DIRECTIONS FOR THIS TASK
Set every entry down again exactly, excluding any pictures.

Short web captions
☆ ☆ ☆ ☆ ☆ ☆ ☆

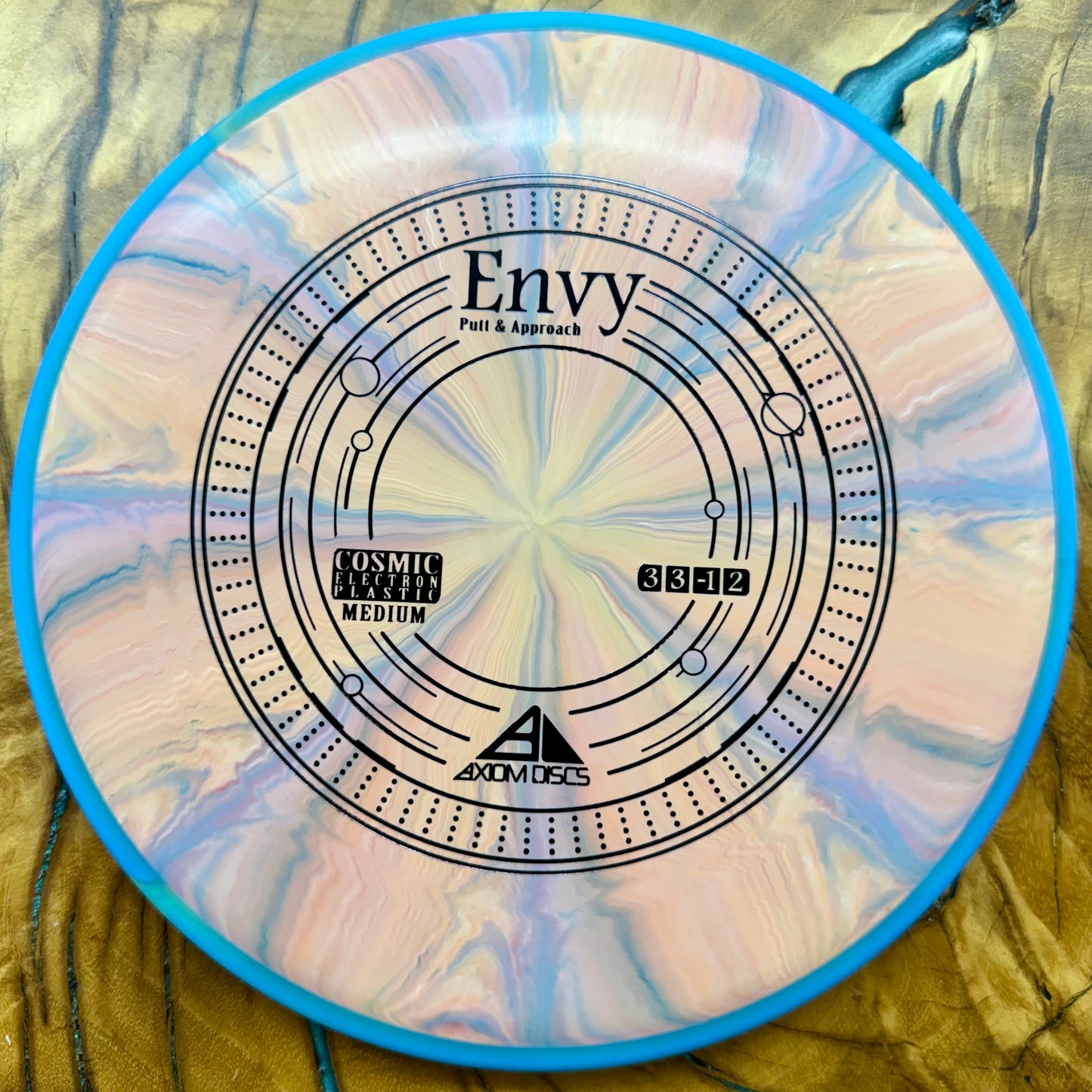 Axiom Discs Cosmic Electron Medium Envy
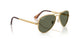 001/58 - Gold - Green Polarized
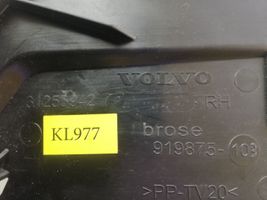 Volvo V70 Support extérieur, poignée de porte arrière 31253942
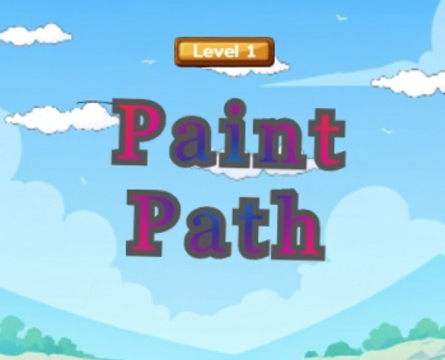 Joc Camí de pintura  en línia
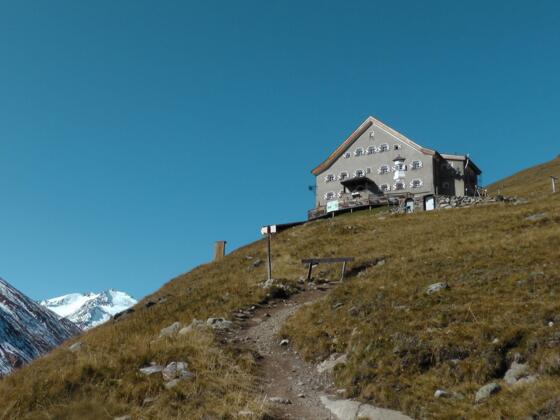 Hochjoch Hospiz im Sommer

☆ ☆ ☆ ☆ ☆ ☆ ☆

EXERCISE RESPONSE
 Axiom Discs Cosmic Electron Medium Envy
 001/58 - Gold - Green Polarized
 Volvo V70 Support extérieur, poignée de porte arrière 31253942
 Joc Camí de pintura  en línia
 Hochjoch Hospiz im Sommer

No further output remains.